4)    Cultivate Friendship with One Another

 

“Most people marry because they became friends who imagined building a life together, which includes play, conversation, and intimacy,” another friend mentioned. “It can be wonderful to be colleagues in ministry,” they continued, but giving attention to building a friendship will be a necessary component. “We are children of God first, spouses second, and collaborators in Christ third.” The implication for couples here seems clear, but for churches, how might you encourage and enable a ministry couple to be friends with one another beyond the daily tasks of pastoral ministry?

 

5)    Be Careful to Not Force a Previous Model

 

Two decades in, I’d say that one of my primary pieces of advice to couples and churches is to be sure you aren’t forcing a couple into whatever model came before. I strongly recommend churches ask what kind of ministry arrangement works for that couple. If forced into an arrangement that doesn’t work for them because that was how it was done previously risks doing harm to the couple. One couple told me that because the previous two youth pastors had been male that the husband in their marriage was the ‘main’ youth pastor.

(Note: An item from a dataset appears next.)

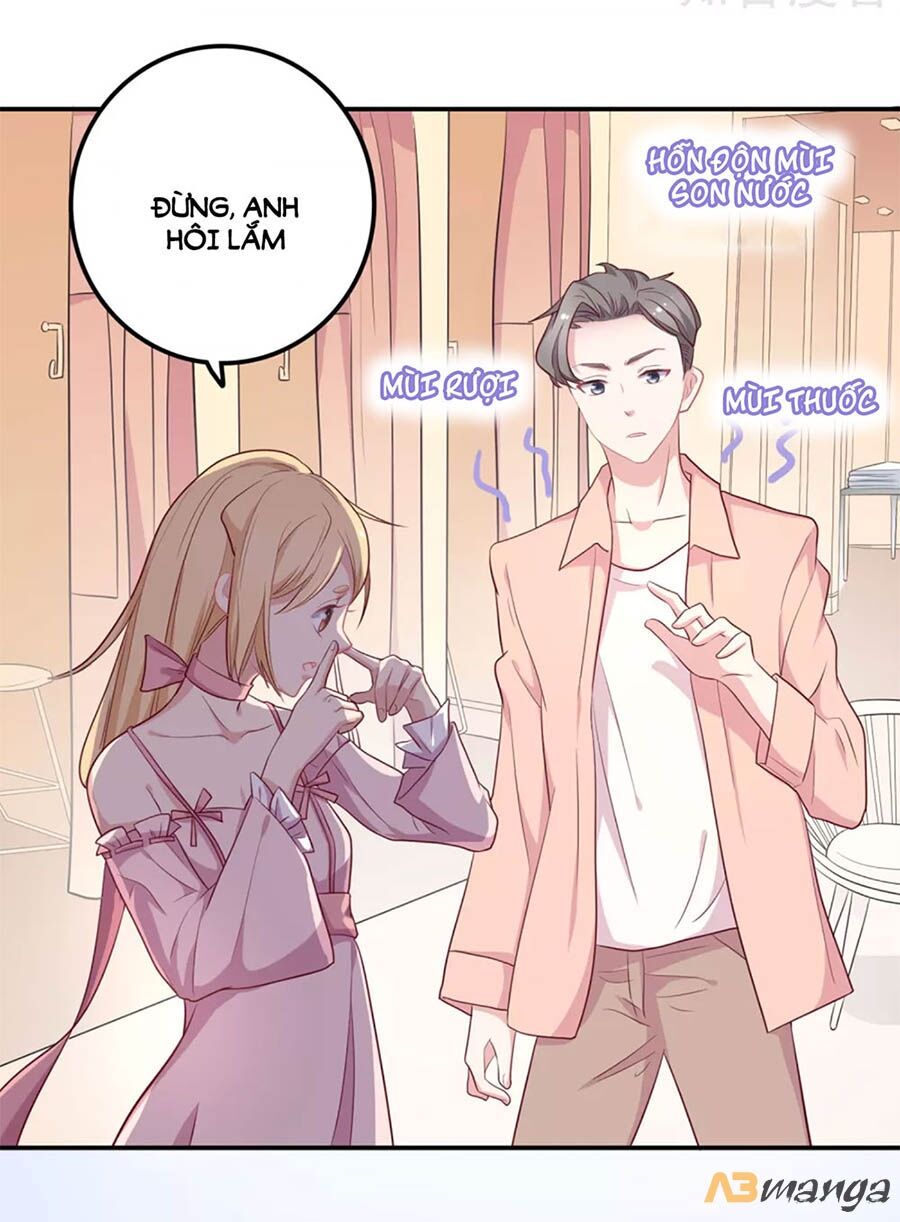 Hẹn Hò Siêu Tốc Chapter 5 - Trang 57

Calling a couple has incredible blessings and benefits, but the as best they are aware, the couple needs to be honest about the kind of ministry arrangement that works for them, and the church should be diligent to ask, rather than assume based on what came before. “It’s ok to approach either of us and ask us which responsibilities we take in the job,” a friend in youth ministry told me, going on to mention that they felt very seen when people asked how ministry is best arranged for her and her husband. “I would advise lead pastors who have a couple team on their staff to make themselves very comfortable with talking about and describing the responsibilities of each person so that they can aid the congregation understand what this looks like, especially if having co-pastors on the staff is new to the congregation,” she said.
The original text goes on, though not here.